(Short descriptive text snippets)
----------------------------------------

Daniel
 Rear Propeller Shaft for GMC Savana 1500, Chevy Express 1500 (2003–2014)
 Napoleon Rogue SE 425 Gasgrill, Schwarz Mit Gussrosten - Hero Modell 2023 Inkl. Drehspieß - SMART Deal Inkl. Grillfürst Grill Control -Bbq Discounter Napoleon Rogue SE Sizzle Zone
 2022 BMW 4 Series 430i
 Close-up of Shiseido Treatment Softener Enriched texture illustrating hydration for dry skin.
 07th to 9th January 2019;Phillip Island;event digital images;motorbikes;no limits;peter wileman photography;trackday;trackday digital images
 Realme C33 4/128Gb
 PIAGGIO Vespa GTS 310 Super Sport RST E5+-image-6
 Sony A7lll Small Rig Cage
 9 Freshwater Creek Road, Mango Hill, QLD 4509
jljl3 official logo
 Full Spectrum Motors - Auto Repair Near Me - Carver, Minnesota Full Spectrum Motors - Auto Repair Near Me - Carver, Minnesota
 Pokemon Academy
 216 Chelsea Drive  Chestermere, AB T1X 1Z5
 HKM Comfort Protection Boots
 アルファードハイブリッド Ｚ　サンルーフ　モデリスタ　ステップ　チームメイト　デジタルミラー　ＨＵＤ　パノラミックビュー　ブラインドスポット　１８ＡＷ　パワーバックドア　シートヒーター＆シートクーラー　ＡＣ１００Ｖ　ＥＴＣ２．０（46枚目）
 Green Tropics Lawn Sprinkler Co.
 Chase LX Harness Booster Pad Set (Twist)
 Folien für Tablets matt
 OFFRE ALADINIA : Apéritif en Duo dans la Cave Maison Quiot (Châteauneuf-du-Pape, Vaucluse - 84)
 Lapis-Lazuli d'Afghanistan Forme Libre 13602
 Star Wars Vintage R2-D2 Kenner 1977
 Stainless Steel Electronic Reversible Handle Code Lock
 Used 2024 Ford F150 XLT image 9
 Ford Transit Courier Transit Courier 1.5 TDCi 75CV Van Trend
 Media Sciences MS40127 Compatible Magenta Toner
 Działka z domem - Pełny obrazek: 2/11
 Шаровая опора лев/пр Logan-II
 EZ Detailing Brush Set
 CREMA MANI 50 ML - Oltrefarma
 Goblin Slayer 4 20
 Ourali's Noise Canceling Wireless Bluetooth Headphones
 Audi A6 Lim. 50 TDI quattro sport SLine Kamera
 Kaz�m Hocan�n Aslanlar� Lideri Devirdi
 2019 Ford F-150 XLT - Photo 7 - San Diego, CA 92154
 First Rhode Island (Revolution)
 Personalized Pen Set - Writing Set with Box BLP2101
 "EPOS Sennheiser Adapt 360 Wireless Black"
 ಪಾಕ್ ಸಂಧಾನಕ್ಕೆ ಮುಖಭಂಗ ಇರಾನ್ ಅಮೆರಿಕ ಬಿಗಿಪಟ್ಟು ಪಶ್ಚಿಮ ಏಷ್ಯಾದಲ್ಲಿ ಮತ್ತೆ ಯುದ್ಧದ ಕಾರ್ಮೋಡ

----------------------------------------

Activity:
In the entries above, find each line with the word "Wireless" and show it.

Expected answer:
 Ourali's Noise Canceling Wireless Bluetooth Headphones
 "EPOS Sennheiser Adapt 360 Wireless Black"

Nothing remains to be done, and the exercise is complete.